### Problem to work on:
Below are some records. Retype exactly the lines from the one containing "Shitet 3750 m²" through the one containing "Regal angelfish (Pygoplites", both included, skipping every picture.

### Records for the task:

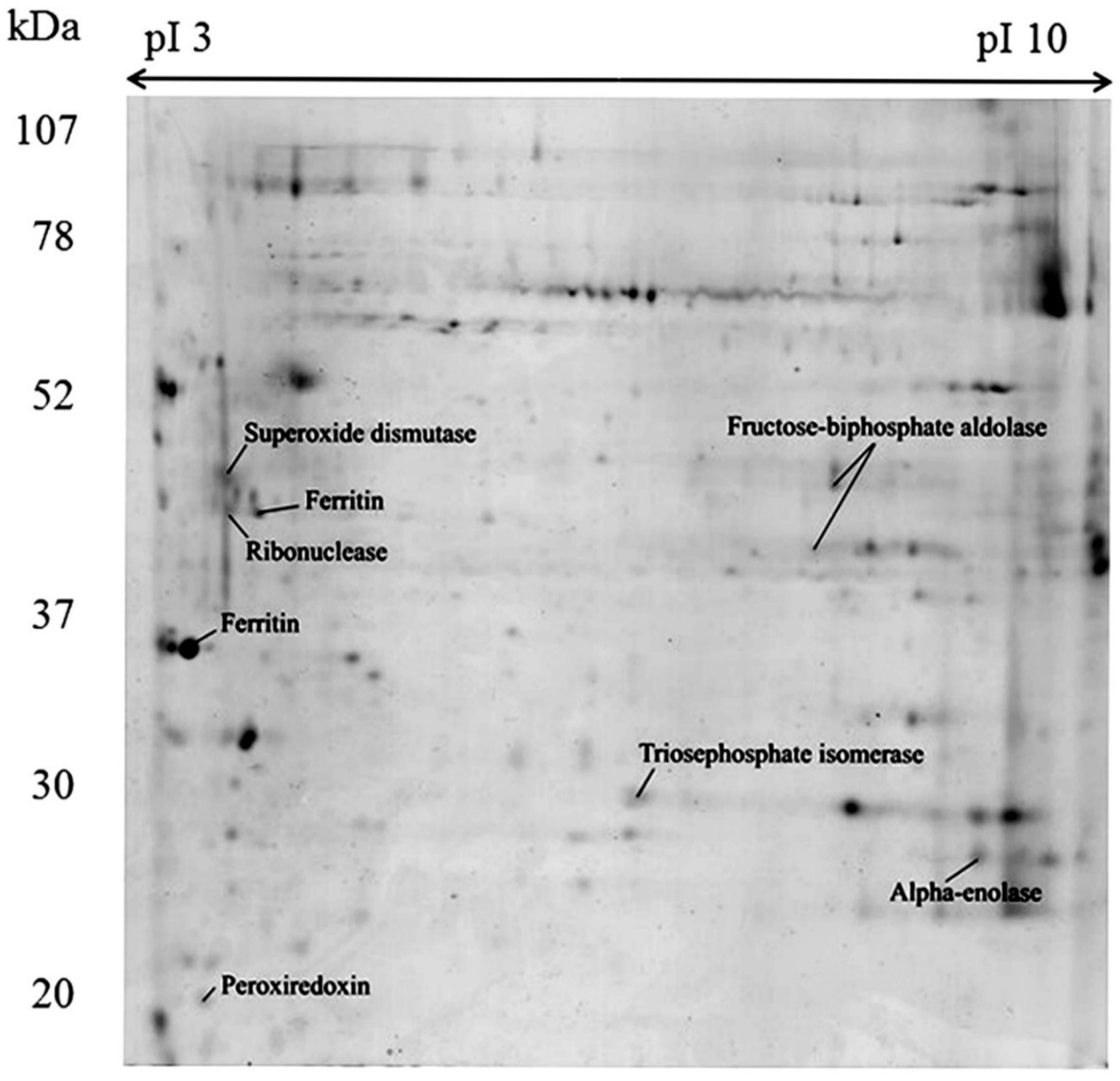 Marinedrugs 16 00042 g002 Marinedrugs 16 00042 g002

---

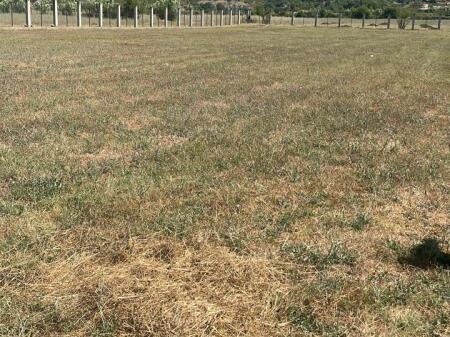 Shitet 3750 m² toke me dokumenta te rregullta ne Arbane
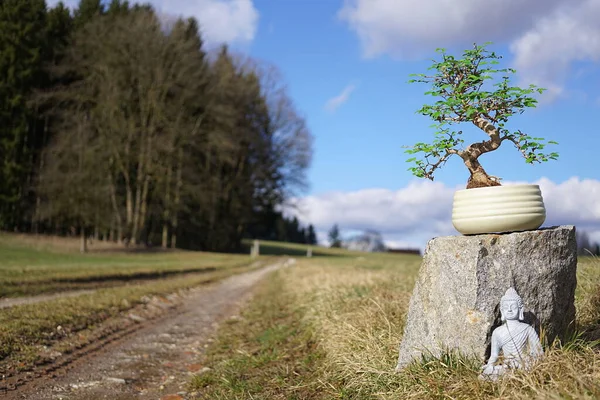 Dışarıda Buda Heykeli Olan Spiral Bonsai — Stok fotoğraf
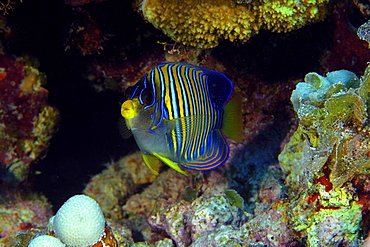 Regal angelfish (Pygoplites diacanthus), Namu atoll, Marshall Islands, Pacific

### Solution below:
 Shitet 3750 m² toke me dokumenta te rregullta ne Arbane
 Dışarıda Buda Heykeli Olan Spiral Bonsai — Stok fotoğraf
 Regal angelfish (Pygoplites diacanthus), Namu atoll, Marshall Islands, Pacific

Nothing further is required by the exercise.